If you want to include parts of my two guides, please do. Just keep the original articles in the Forum Guides section and for my vanity give credit with a link back to the original guide? I am always adding updates to the OP of my various guides, new information may be a good supplement to the main proposed article. My CRT vs LCD Guide for example, has grown so much since I first posted it.
Arcade Controller Mod Guide: Home System Adaption
Twin Stick Mod Guide: Console Arcade Method

Maybe even pieces of this one, building a custom controller for NES ROB?
NES R.O.B Interactive Mod Guide

Maybe even throw in pieces from Bacteria with his okay too?
Bacteria's project: Alpha Omega

A side request.
Can my CRT vs LCD guide be moved to the Forum Guides section? I have added a ton of what I think to be useful information in there.

Re: Building an Arcade Stick for the Sega Dreamcast (by Jemsic)

Posted: Wed Nov 10, 2010 5:04 pm
by noiseredux
racketboy wrote:Cool :)
Have I mentioned I love this forum? :D

so much that you went and named yourself after the forum! Pfft.

Re: Building an Arcade Stick for the Sega Dreamcast (by Jemsic)

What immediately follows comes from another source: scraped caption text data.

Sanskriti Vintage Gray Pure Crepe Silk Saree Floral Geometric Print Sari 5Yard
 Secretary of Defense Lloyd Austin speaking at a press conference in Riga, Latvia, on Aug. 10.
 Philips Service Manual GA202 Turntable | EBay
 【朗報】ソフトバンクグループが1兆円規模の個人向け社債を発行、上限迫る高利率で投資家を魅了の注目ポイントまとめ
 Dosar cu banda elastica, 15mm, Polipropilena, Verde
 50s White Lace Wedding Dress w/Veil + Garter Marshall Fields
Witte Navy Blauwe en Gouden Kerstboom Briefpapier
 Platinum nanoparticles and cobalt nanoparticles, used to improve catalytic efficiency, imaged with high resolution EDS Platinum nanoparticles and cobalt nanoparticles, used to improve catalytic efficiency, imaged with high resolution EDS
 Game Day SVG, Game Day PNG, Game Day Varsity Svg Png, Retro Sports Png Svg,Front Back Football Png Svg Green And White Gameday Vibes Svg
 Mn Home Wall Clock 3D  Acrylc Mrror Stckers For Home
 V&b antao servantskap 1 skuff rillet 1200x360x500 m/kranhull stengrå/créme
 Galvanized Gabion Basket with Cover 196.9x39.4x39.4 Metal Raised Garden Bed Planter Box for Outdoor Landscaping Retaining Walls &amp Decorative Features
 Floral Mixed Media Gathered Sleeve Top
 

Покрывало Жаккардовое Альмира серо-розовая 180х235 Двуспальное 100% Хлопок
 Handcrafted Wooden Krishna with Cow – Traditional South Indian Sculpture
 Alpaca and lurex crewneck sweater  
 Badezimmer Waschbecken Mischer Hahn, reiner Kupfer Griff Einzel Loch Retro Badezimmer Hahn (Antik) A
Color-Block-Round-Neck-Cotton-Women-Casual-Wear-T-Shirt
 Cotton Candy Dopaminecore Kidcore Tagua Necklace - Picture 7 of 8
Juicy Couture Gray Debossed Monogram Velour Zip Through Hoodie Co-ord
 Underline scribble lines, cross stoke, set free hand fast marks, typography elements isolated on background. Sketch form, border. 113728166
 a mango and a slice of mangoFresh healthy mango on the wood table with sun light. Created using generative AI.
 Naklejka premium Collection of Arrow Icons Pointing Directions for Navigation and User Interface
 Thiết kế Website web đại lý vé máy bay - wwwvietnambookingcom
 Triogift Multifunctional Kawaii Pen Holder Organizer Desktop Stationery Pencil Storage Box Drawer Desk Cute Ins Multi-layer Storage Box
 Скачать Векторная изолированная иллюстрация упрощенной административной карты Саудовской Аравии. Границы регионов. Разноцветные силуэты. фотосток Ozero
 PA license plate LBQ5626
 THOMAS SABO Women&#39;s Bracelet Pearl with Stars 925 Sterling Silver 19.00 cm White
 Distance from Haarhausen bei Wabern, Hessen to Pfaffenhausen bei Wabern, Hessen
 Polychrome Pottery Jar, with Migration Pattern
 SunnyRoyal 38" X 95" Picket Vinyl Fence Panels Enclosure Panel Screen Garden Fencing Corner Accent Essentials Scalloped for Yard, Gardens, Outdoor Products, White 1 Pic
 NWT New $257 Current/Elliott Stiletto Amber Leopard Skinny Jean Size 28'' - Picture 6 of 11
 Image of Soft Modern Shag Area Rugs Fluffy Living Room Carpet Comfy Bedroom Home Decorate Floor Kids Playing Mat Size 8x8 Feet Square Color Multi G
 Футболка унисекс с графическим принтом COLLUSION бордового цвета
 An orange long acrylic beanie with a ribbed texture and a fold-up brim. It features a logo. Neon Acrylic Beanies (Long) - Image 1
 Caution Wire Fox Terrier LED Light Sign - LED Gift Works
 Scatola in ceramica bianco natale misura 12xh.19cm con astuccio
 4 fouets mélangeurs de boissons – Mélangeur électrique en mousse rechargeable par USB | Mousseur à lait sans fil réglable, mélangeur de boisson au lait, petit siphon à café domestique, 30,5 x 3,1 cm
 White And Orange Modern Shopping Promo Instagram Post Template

Posted: Wed Nov 10, 2010 5:05 pm
by noiseredux
so um, what about us GameCube people? Will there be a guide for us to build our own arcade sticks?

Re: Building an Arcade Stick for the Sega Dreamcast (by Jemsic)

Posted: Wed Nov 10, 2010 5:22 pm
noiseredux wrote:so um, what about us GameCube people? Will there be a guide for us to build our own arcade sticks?
The Guide can be still utilized for various systems, even if say a Playstation mod is posted. Same principle would apply of using an original controller PCB with all the digital contacts attached to your custom Arcade controller.

Speaking of the Playstation. The PSX PCB is a good one to modify, it can work with a lot of consoles as well as PC and Mac with all the readily available adaptors. A Universal Arcade Stick.

Still thinking of that mechanical Mouse conversion as an Arcade Spinner Control for all the spinner games. Omega Race, Tac Scan and Tempest come to mind. The ball mouse usually has a PS2-PC connector. Its more universal and can easily be upped to a USB adaptor.